“It is well-settled that the inclusion of an inherent, but undisclosed, property of a composition does not render a claim to the composition nonobvious . . . A patent can be invalid based on inherency when the patent itself makes clear that a limitation is ‘not an additional requirement imposed by the claims . . . , but rather a property necessarily present.’” – CAFC decision
On January 9, the Court of Appeals for the Federal Circuit (CAFC) affirmed a decision of the U.S. District Court for the Northern District of Illinois, holding claim 6 of U.S. Patent No. 8,648,106 (the ‘106 patent) invalid as obvious. The ‘106 patent, owned by Hospira, Inc. (Hospira), is one of many patents covering Hospira’s dexmedetomidine products under the brand Precedex, such as the ready-to-use Precedex Premix product. Hospira sued Fresenius Kabi USA LLC (Fresenius) for infringement of claim 6 of the ‘106 patent, over its filing of an Abbreviated New Drug Application (ANDA) regarding its ready-to-use generic dexmedetomidine product.
‘106 Patent Claim 6
Dexmedetomidine hydrochloride, a sedative patented in 1980 (U.S. Patent No. 4,910,214), has been marketed up until recently in either 100 ug/mL concentrate form, requiring the drug to be diluted before intravenous administration, or as Dexdomitor, a ready-to-use 500 ug/mL formulation sealed in a glass vial with a rubber stopper, with a shelf life of two years. Responding to stability studies conducted to measure the loss in drug potency, the ‘106 patent claims a process by which a 4 ug/mL dexmedetomidine hydrochloride formulation can be manufactured in a way that the compound remains stable and active after prolonged storage. In this process, an atmosphere of filtered nitrogen gas is maintained in the head space of the surge bottle, and the headspace of the container is gassed with nitrogen to achieve not more than 5% of oxygen in the headspace. In these conditions, the ‘106 patent claims a liquid compound that exhibits no more than about 2% decrease in the concentration of dexmedetomidine. During a five-day bench trial, the district court held that Fresenius had proven by clear and convincing evidence that claim 6 would have been obvious over the prior art, because the “about 2%” limitation is inherent in a 4 ug/mL formulation.
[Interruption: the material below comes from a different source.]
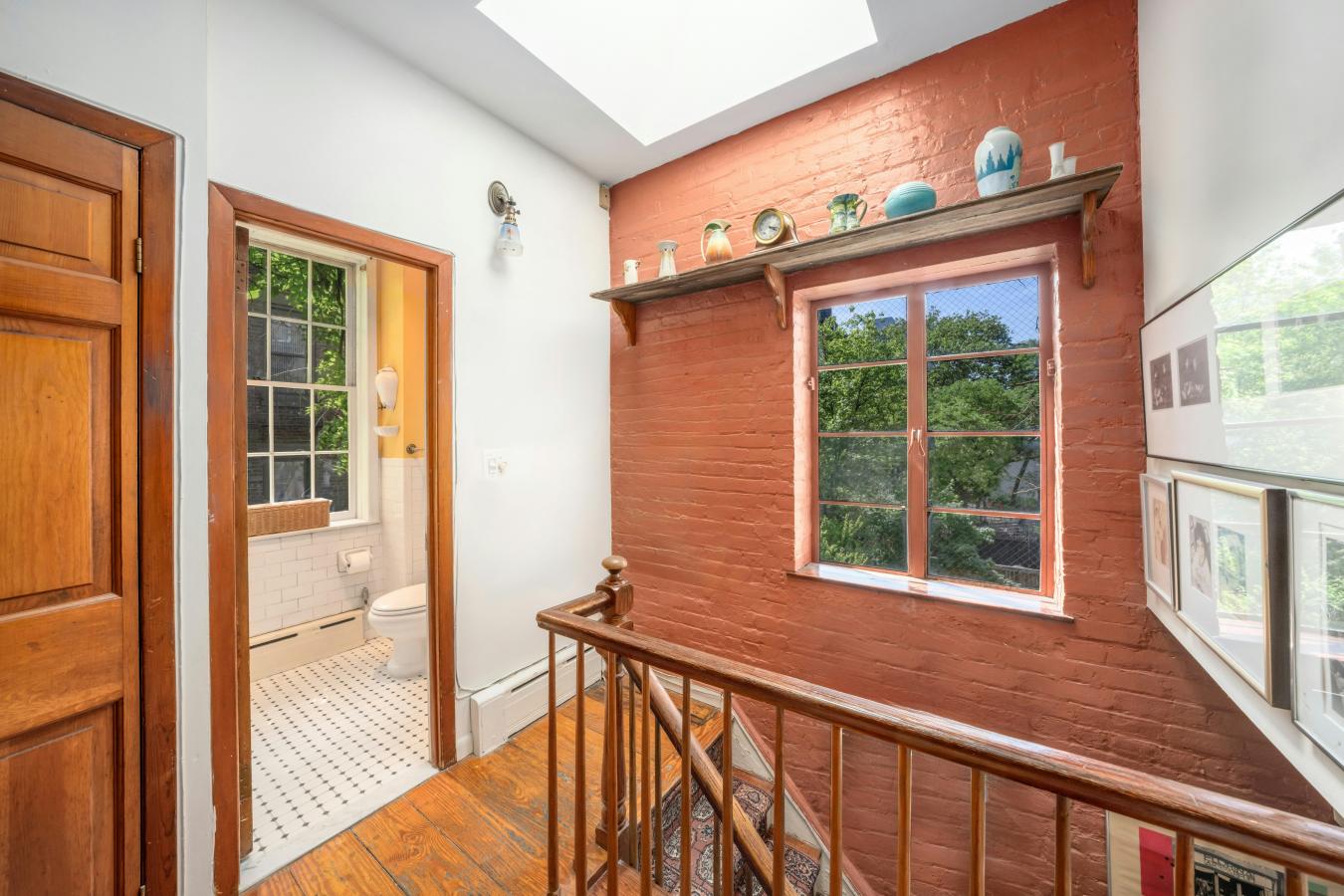 New York, New York, 10036, United States, 3 Bedrooms Bedrooms, ,3 BathroomsBathrooms,Residential,For Sale,1954483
The CAFC did not the district court’s ruling clearly erroneous. Addressing Hospira’s argument that the court erred in its application of the inherency doctrine by considering the inherent properties of non-prior art embodiments, the court held that extrinsic evidence can be used to demonstrate what is “necessarily present” in a prior art embodiment, even if the extrinsic evidence is not itself prior art. Additionally, the court held that the work of the inventor/patentee can be used as evidence of inherency where it elucidates what the prior art consisted of. Hospira also argued that the district court misapplied the law of inherency by considering only the samples in the record prepared by the manufacturing process in Example 5. In response, the CAFC stated that importing the unclaimed, manufacturing limitations of Example 5 into the claim which has no such limitations would be improper. The CAFC thus found that the district court did not misapply the law of inherency by considering the samples in the record without regard to the process by which those samples were prepared.
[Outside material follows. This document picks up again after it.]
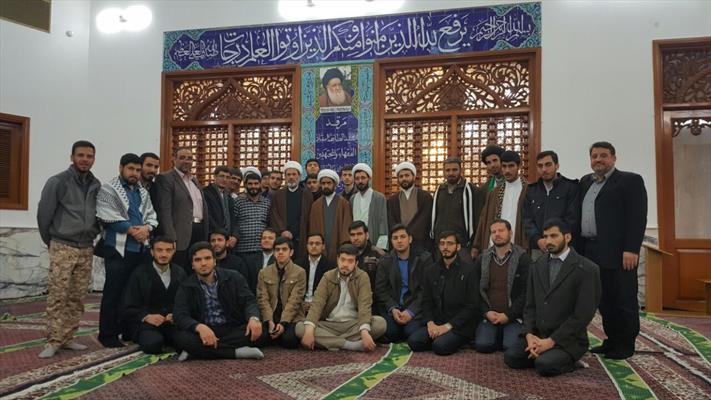 طلبة العلوم الدينية الإيرانيين في رحاب مرقد أمير المؤمنين (ع)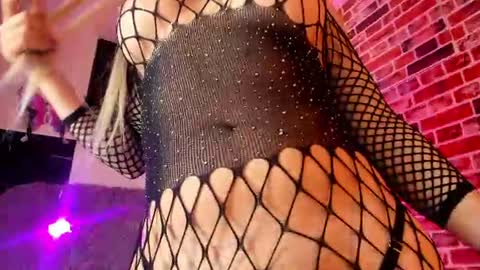 Snapshot of aleja_hill chatting on July 17, 2026, 10:58 pm Aleja Hill online show from July 17, 2026, 10:58 pm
The CAFC then turned to the “about 2%” limitation. The district court reviewed evidence of 20 samples of the 4 ug/mL preferred embodiment, finding that each one met the “about 2%” limitation. Additionally, expert testimony concluded that because concentration does not affect the stability of dexmedetomidine, the drug is stable at any concentration. Hospira argued that the samples in the record are not representative of every possible formulation of the 4 ug/mL preferred embodiment. However, the CAFC found that Hospira did not present evidence of a sample failing to meet the 2% limitation, nor did Hospira present evidence showing that the manufacturing process of Example 5 was the reason why all tested samples met the “about 2%” limitation. The CAFC thus upheld the district court’s decision finding that stability was not affected simply by adding a solvent to dilute the stable drug from 100 ug/mL to 4 ug/mL. Next, Hospira argued that the district court did not conduct the correct inherency analysis because the court applied the “reasonable expectation of success” standard as opposed to the “necessarily present” standard. The CAFC agreed with the argument made by Fresenius that the district court completed its inherency analysis when it found that the “about 2%” limitation was necessarily present in the prior art, based on evidence of tested samples in the record.
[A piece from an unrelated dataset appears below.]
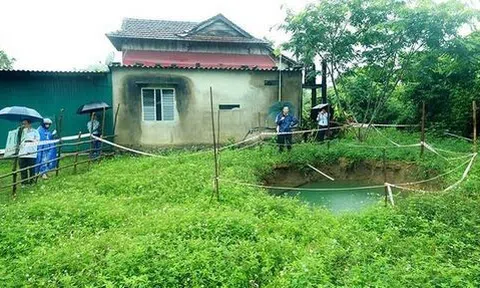 Xuất hiện hố sụt trong vườn nhà dân ở xã 10Lc88 cá cược thể thao, casino, nổ hũ, bắn cá Quảng Bình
“It is well-settled that the inclusion of an inherent, but undisclosed, property of a composition does not render a claim to the composition nonobvious . . . A patent can be invalid based on inherency when the patent itself makes clear that a limitation is “not an additional requirement imposed by the claims . . . , but rather a property necessarily present.”
Therefore, held the CAFC, because claim 6 did not recite any manufacturing limitations related to stability or an added component that enhances stability, the district court did not err in finding that claim 6 simply recited a composition, and was thus invalid as obvious over the prior art.
Fresenius was represented by a team led by Imron Aly of Schiff Hardin and Hospira was represented by Adam Unikowsy of Jenner & Block.